People v. Raizen

Kelly, P. J.

(concurring):

In my opinion the evidence in this case was ample to sustain the verdict of the jury. There is no dispute that the defendant killed the decedent, that the homicide was deliberate and premeditated. The defense was that defendant was insane at the timé she shot decedent, and again that defense is narrowed by the concession that at the time she knew the nature and quality of the act she was doing. This left the issue whether at the time she was laboring under such a defect of reason as not to know that the act was wrong. I think her own evidence of her actions at the time of the homicide is positive proof that she knew that the act was wrong. Her insistence on seeing the deceased alone, her escape by way of the operating room after the shooting, her journey to Manhattan instead of to her home in Brooklyn, her telephone messages, and her subsequent meeting with her father and her husband in the street, the consultation not with medical men but with experienced counsel, and her subsequent surrender two days later by her counsel to the district attorney, all these things are incompatible with the claim that she did not know that she had violated the law. It is impossible to read her statement two days after the killing, made to Judge Lewis, then district attorney, voluntarily, by advice of and in presence of her counsel, who took part in the examination, asking her questions, without the abiding conviction that at the time of the crime she was sane, knew what she was doing and knew that it was wrong. A woman more than twenty-one years of age, engaged in business in Manhattan, maintained illicit relations with deceased, a married man, for four or five years, although she knew and visited his'wife and family. She wanted him to go away with her and to marry her in some other State. He refused and she subsequently married her present husband. She testifies that at the outset of their relations deceased assaulted her, but we have only her story as to the inception of the relations, the dead man cannot tell his story, and she voluntarily continued the relations for four or five years. The jury saw her and heard *464her story, and their verdict seems to me to be in accord with the evidence. Indeed, they dealt mercifully with her, because the evidence would have justified a verdict of murder in the first degree.

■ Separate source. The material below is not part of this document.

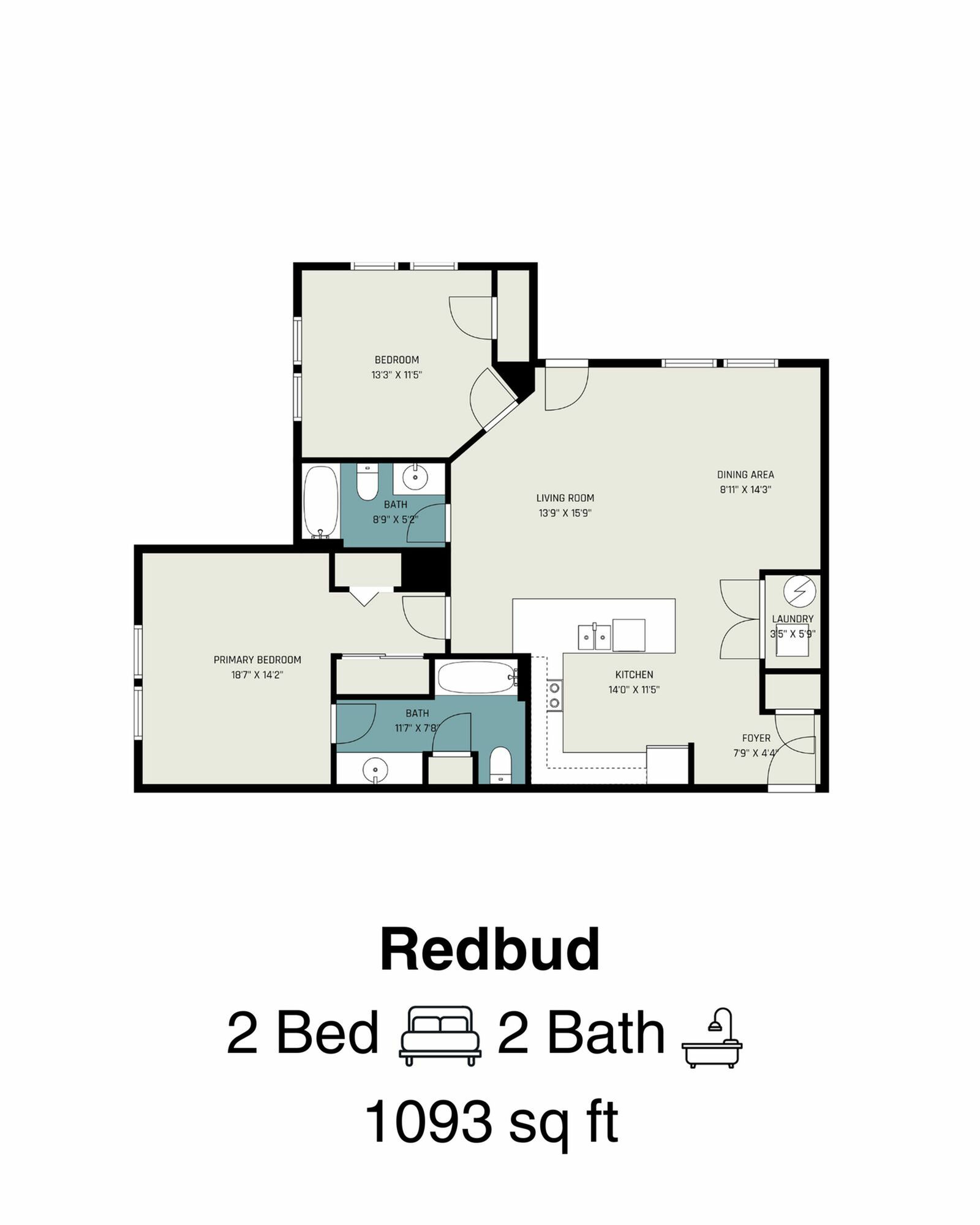 Redbud floor plan showcasing 2 bedrooms, 2 bathrooms, spacious living room, and modern kitchen in a 1093 sq ft layout.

My brother Manning has discussed the exceptions urged as grounds for reversal of the judgment. I concur with his conclusions. I do not think that it was error to exclude the questions asked the alienist as to statements made by defendant to him some time after the shooting concerning her history and acts prior to the killing. There was no claim of present insanity, it was not claimed that she was insane at the date of her interview with the alienist, and he was allowed to testify to everything he observed concerning her then physical and mental condition. Her narrative to him of her transactions prior to the commission of the crime was, it'seems to me, hearsay. But all of these alleged transactions were before the jury, testified to by the defendant herself and her witnesses, and were embodied in the hypothetical question propounded to the expert, upon which his opinion was founded, and the jury had the benefit of his opinion. As to the appellant’s criticism and exceptions concerning the remarks of the trial justice and the complaint that his maimer of conducting the trial was prejudicial to the defendant, I have to say: There were some incidents which I think might better not have occurred, some remarks which I think had better not have been made, but out of it all there can be no doubt on examination of the record that the learned justice intended to be absolutely fair and impartial as between the prosecution and the defendant. His charge to the jury was not objected to or excepted to. He placed the responsibility for the verdict squarely on the jury. In my opinion the defendant’s- case was not prejudiced by the rulings of the court or the manner of the trial justice. We are directed by the statute (Code Crim. Proc. § 542) to give judgment without regard to technical errors or defects, or to exceptions which do not affect the substantial rights of the parties, and I, therefore, vote to affirm the judgment.